The Prince of los Cocuyos: A Miami Childhood was a beautiful and endearing coming-of-age memoir by Richard Blanco. Blanco was born in Madrid, Spain and immigrated as an infant with his family exiled from Cuba to New York City and subsequently to Miami where he spent his childhood. The theme running through the book was the nostalgia and yearning for their former life in Cuba as expressed by his family in this Cuban-American neighborhood in Miami. However, classmates introduced him to the American culture which he yearned for as well, independent of the immigrant experience. This delightful book examines all of his conflicting feelings as he is growing up and searching for his place in the world, grappling with who he is and what his neighborhood and village consists of. His relationship to the neighborhood bodega, 'El Cocuyito' meaning the firefly, is symbolic throughout the book.
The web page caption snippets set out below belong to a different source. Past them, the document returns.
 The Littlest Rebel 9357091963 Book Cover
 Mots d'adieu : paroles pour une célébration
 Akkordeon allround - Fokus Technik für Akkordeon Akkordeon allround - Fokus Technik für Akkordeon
It should also be noted that Richard Blanco had the distinction of being the nation's fifth inaugural poet, first reciting his poem "One Today" at the second inauguration of Barack Obama in January 2013.
"I've bent time and space in the way that the art of memory demands. My poet's soul believes the emotional truth of these pages trumps everything. Read as you would read my poems, trusting that what here is real, beyond what is real--that truer truth which we come to call a life."
"Like Cuba, like New York City, Miami Beach--Yetta's Miami Beach--suddenly became a place I have never been either."
"El Cocuyito was a magical part of my childhood, and despite the reason for employment, I looked forward to working there."
"I remembered Don Gustavo's story of the fireflies that lit up his village in Cuba. El Cocuyito wasn't just a grocery store anymore, it felt like that village to me, a pueblo where everybody knew each other and where, for a few minutes every day, they could pretend they were still in Cuba, surrounded by their own fruits and vegetables, their own sweets and cuts of meat, their own language and fireflies, as if nothing had ever disrupted their lives."